It’s easy to forget that Mikey Garcia’s dominant, title-winning dismantling of rugged former champion Orlando Salido was the first genuinely significant fight of 2013. As a humble and methodical champion, Garcia is not one to make headlines outside of the ring, even though the newly minted WBO featherweight champion is poised to one day become a pound-for-pound caliber fighter.
Long recognized as one of boxing’s most polished prospects, Garcia (31-0, 26 KO) embarked on an appropriate in-ring apprenticeship before earning his shot at Salido. Impressive wins over the likes of Matt Remillard, Bernabe Concepcion and Jonathan Victor Barros—all via stoppage—led to the utterly one-sided, four-knockdown rout of Salido (39-12-2, 27 KO).
But now, with WBO No. 1 contender Orlando Cruz and former two-division champion Juan Manuel Lopez bandied around as Garcia’s most likely opponents, who should the young champion seek to fight?
It is often common and somewhat forgivable for a newly minted titlist to select a middling challenger for their first defense. The very nature of the alphabet organization title rankings actually sanctions these underwhelming matchups, and the necessary credentials to becoming a mandatory challenger remain undefined.
If Garcia and his team are looking for a legitimate but fairly routine first title defense, Orlando Cruz (20-2-1, 10 KO) is the obvious opponent.
Orlando Cruz is the WBO’s No. 1 contender and official mandatory challenger to Garcia’s belt. Cruz has a quality amateur pedigree and represented Puerto Rico at the 2000 Olympics. As a pro, he has compiled a respectable record but has lost via stoppage both times he has genuinely stepped up in class—first to Cornelius Lock and then to two-time world champion Daniel Ponce De Leon.
Since losing those consecutive fights in late 2009 and early 2010, Cruz has gone 4-0 with three knockouts. During his current run he captured the WBO Latino featherweight title and also made headlines for announcing that he is a “proud gay man” (per ESPN.com), becoming the first active fighter to do so.

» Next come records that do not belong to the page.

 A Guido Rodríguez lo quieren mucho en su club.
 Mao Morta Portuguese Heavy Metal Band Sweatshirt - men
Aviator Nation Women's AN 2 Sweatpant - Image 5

Cruz acknowledges that his decision to come out has given him a recognizable public profile (per ESPN.com), and his choice was refreshingly genuine. That said, from a utilitarian standpoint, Cruz’s newfound level of fame immediately enhances his profile and marketability as a title challenger.
Whereas Cruz would have been a relatively anonymous title challenger to anyone but the hardcore boxing fan, he has now acquired the public profile to complement his competent skill set. For Garcia, this means that fighting Cruz will likely generate more mainstream interest and network coverage, even if it isn’t a strong enough fight to headline a major card.

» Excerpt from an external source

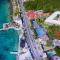 Casa del Mar Cozumel Hotel & Dive Resort with free access to an exclusive beach club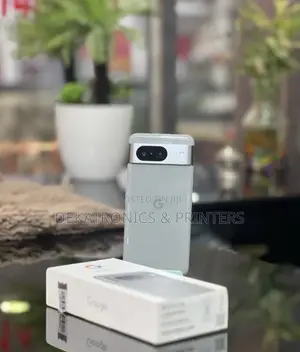 New Google Pixel 8 128 GB Green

Cruz, however, possesses below average power and has been stopped twice. It is thus doubtful that he would pose a serious threat to Garcia. Still, Cruz must be respected for both his skills and public proclamation, and no one should complain if Garcia vs. Cruz comes to fruition.
That said, for Garcia to truly advance his career, he should seek a fight against Juan Manuel Lopez (32-2, 29 KO).
Lopez, a former two-division champion and one of the sport’s best all-action brawlers, presents a sterner in-ring challenge for Garcia than Cruz. And despite Cruz’s newfound notoriety, Lopez is a much bigger name and instantly turns a fight with Garcia into a viable main attraction worthy of the best network and promotional exposure.
Most importantly, Lopez adds that much more to the equation and remains a fight that Garcia should win—perhaps spectacularly.
Who should Mikey Garcia fight next?
Lopez, of course, engaged in two memorable slugfests with the aforementioned Salido. Both fights between Lopez and Salido had breathtaking exchanges and disproportionate acts of courage (largely due to the fact that both fighters possess little-to-no defensive acumen). The fact that Salido twice stopped Lopez certainly bodes well for Garcia.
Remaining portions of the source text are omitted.